Provided material section start
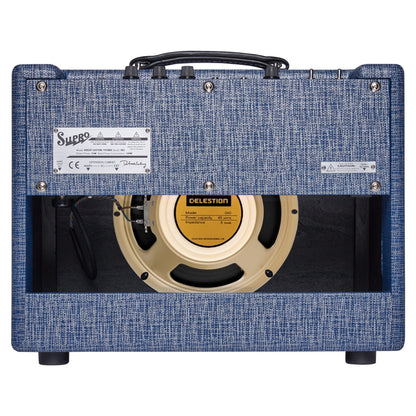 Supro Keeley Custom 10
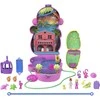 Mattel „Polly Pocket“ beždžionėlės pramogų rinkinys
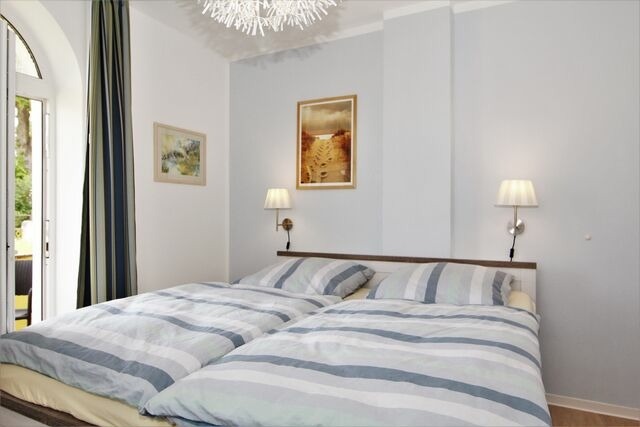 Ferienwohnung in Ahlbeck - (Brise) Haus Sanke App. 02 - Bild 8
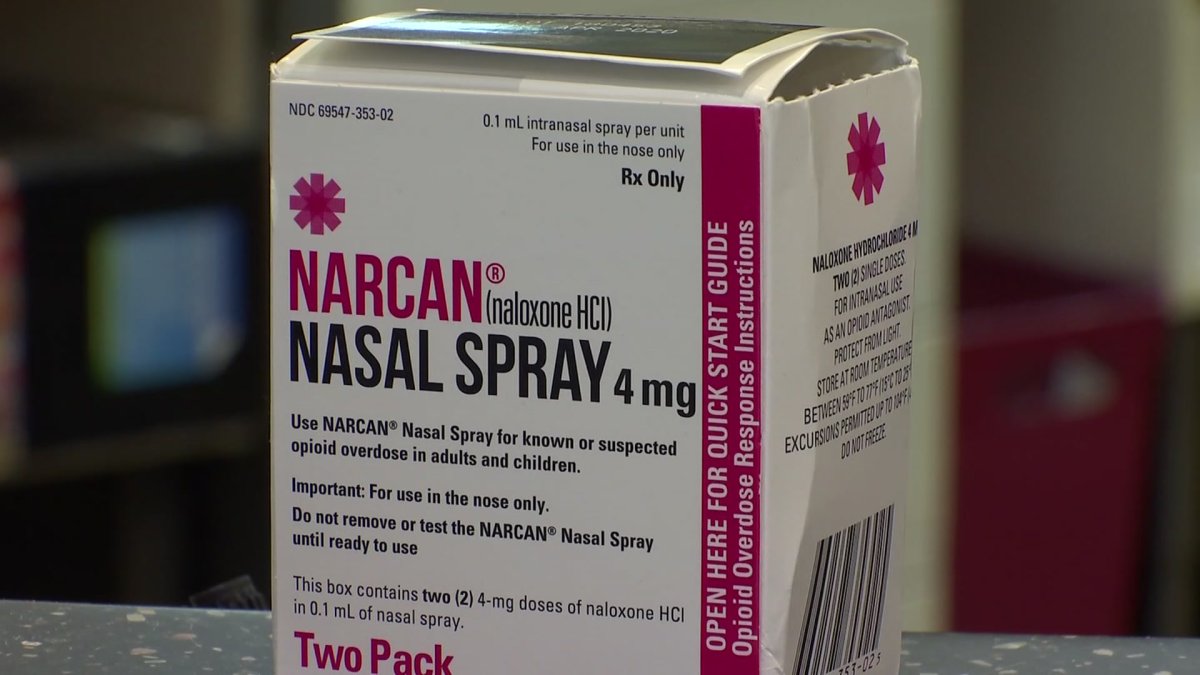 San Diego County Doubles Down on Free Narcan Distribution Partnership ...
Provided material section end
> What is being asked:
Strip out the pictures and reproduce the remaining material above exactly.

> Result of this exercise:
 Supro Keeley Custom 10
 Mattel „Polly Pocket“ beždžionėlės pramogų rinkinys
 Ferienwohnung in Ahlbeck - (Brise) Haus Sanke App. 02 - Bild 8
 San Diego County Doubles Down on Free Narcan Distribution Partnership ...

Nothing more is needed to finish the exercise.